1. Dog Awareness: That little phrase packs a lot of punch! Dog awareness starts with educating yourself on the basics of canine communication. It continues with seeking to be well-informed about our canine companions. If your knowledge comes from tv “experts”, your neighbor, and personal opinions, then you’ve got some more investigating to do. Dog behavior is a science. There are numerous myths and hypothetical postulations that have sadly spread like wildfire over the years. If you’re still in the dark ages believing dogs are trying to dominate their human families and be the pack leader, then that’s a good place to start looking into recent scientific discoveries. Everyone benefits from continuous growth in dog awareness.
2. Dog Advocacy: I hope you won’t be able to continue business as usual once you begin increasing your dog aware skills, and have a better understanding of man’s best friend. The humane thing to do is start advocating for, at the least, your own dog. When you recognize distress, fear, nervousness, anxiety, etc., then do your best to appropriately guide your dog. Don’t rely on their remarkable tolerance to prevent growls, snaps, snarls and bites. Kindly remove them, or the stressors that cause discomfort. You can go a step further and enlist a positive reinforcement trainer or veterinary behaviorist to guide you in improving your dog’s emotional responses.
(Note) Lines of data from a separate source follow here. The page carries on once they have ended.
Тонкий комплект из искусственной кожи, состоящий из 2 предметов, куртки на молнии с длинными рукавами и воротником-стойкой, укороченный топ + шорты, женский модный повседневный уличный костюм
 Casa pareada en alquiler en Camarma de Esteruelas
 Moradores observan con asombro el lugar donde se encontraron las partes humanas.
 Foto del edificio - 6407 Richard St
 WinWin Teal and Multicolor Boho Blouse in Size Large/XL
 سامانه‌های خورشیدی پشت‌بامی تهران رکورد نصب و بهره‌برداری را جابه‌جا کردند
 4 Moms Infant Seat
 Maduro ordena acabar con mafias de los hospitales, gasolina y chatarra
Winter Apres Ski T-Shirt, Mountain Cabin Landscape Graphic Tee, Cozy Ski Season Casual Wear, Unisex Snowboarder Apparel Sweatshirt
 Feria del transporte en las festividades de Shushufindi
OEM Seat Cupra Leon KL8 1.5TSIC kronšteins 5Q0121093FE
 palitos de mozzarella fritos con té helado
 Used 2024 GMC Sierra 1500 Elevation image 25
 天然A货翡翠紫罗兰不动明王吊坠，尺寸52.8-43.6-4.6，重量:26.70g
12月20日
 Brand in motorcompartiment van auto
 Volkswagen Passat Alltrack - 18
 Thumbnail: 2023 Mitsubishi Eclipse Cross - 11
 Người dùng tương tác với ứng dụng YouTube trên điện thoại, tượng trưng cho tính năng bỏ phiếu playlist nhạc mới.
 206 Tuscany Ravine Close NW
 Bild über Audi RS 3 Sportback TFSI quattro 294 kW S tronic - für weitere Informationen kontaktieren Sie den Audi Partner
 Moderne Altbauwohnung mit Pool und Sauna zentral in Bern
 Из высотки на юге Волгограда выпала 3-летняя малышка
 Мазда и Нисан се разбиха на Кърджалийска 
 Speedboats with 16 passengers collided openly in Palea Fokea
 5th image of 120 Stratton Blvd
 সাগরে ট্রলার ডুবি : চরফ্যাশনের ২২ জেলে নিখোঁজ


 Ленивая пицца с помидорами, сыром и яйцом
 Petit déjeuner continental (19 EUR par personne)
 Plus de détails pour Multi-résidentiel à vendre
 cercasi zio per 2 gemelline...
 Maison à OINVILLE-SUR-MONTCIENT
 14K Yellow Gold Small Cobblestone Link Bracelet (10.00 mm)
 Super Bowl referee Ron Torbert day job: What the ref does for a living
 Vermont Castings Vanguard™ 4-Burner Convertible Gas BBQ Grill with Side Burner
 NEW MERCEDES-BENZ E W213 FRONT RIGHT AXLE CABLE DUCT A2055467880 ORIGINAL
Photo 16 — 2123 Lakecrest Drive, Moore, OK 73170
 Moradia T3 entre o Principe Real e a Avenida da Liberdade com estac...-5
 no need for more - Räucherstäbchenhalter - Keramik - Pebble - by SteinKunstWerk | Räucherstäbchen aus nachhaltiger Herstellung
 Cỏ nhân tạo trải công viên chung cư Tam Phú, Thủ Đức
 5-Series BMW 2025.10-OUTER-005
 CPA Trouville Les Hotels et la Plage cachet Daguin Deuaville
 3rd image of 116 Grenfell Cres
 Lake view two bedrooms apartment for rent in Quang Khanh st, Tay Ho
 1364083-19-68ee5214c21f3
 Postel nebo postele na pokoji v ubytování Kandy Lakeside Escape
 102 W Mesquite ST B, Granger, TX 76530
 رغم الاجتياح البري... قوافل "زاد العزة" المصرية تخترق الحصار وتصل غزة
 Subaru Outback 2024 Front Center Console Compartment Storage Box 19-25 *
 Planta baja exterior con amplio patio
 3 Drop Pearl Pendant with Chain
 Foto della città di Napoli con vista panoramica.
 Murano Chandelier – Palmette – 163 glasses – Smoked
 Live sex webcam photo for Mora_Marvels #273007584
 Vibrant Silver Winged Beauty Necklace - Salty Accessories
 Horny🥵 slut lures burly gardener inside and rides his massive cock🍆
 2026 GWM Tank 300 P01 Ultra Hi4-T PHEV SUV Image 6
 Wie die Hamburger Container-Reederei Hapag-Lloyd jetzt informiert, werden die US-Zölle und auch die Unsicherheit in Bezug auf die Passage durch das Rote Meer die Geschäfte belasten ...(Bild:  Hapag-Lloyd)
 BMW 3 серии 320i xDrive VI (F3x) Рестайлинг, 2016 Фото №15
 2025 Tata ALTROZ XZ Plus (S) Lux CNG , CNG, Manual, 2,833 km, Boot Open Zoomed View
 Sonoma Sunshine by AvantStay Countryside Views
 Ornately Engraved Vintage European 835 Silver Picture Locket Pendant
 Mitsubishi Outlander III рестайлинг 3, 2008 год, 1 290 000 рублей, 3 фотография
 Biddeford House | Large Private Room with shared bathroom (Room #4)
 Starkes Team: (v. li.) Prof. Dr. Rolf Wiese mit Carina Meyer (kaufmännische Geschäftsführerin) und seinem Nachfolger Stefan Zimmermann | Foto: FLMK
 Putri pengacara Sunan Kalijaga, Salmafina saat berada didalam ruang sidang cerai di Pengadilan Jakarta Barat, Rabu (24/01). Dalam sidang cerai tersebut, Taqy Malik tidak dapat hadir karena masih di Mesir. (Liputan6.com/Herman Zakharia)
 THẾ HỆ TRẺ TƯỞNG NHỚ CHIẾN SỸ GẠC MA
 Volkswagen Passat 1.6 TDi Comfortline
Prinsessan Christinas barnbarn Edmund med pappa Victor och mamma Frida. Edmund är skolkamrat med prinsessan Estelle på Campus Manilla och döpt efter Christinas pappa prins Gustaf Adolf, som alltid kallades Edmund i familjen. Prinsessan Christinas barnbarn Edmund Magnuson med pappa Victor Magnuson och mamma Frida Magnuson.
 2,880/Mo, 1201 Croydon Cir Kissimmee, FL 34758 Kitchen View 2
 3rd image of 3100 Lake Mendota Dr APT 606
3. Responsible Pet Ownership: This not only includes providing for the basic needs of your pet, but also forming realistic expectations. All dogs have teeth. All dogs can bite. Expecting your dog to tolerate consistent distressful situations without repercussion is irresponsible. Even our good family dogs can snap or bite when their tolerance levels are exceeded, combined, or overlooked. If you already have a dog that exhibits aggression, fearfulness, reactivity, etc., then you should take precautions to ensure the safety of your pet and others.
Pursuing the above goals will not only aid in the prevention of dog bites in your community, but also put us on a better path to becoming dogs’ best friends.